** YOUR TASK **
Once the line containing "hold on while" is reached in the listing below, reproduce it and all later lines through the final one exactly, but omit any pictures.

MATERIAL PROVIDED section start

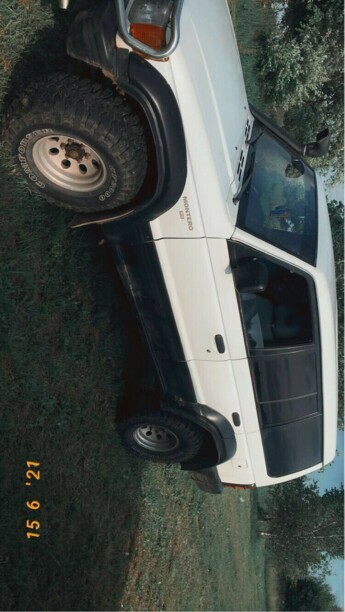 Mitsubishi Pajero II, 1994 г.
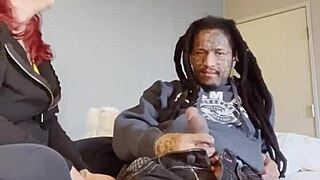 hold on while i suck gaktrizzy's monster cock with purple braces fave collab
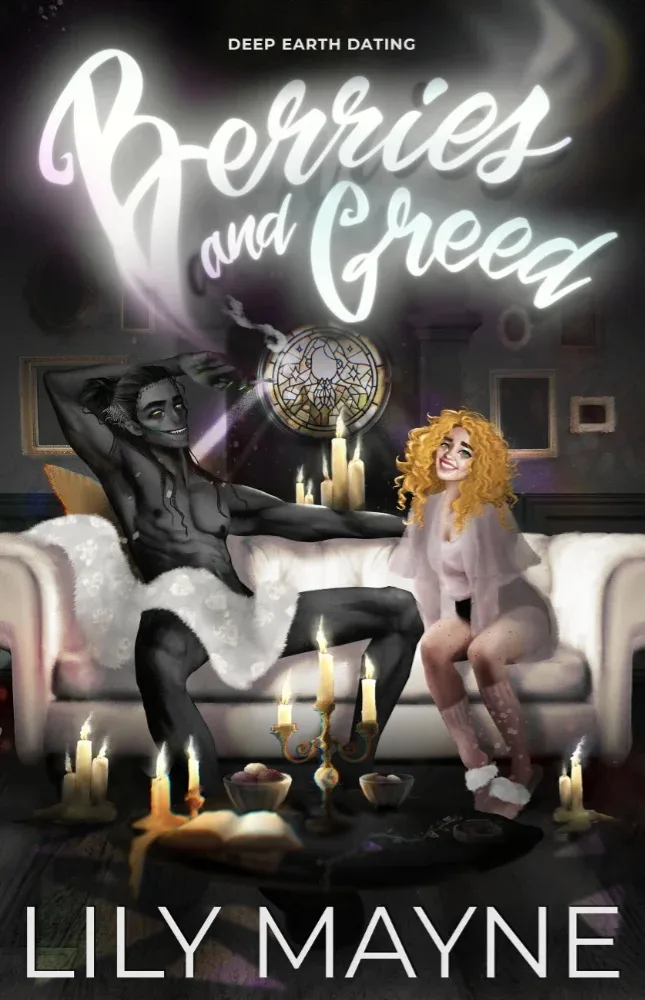 Berries and Greed (Deep Earth Dating, #1)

MATERIAL PROVIDED section end

** OUTPUT FOR THIS TASK **
 hold on while i suck gaktrizzy's monster cock with purple braces fave collab
 Berries and Greed (Deep Earth Dating, #1)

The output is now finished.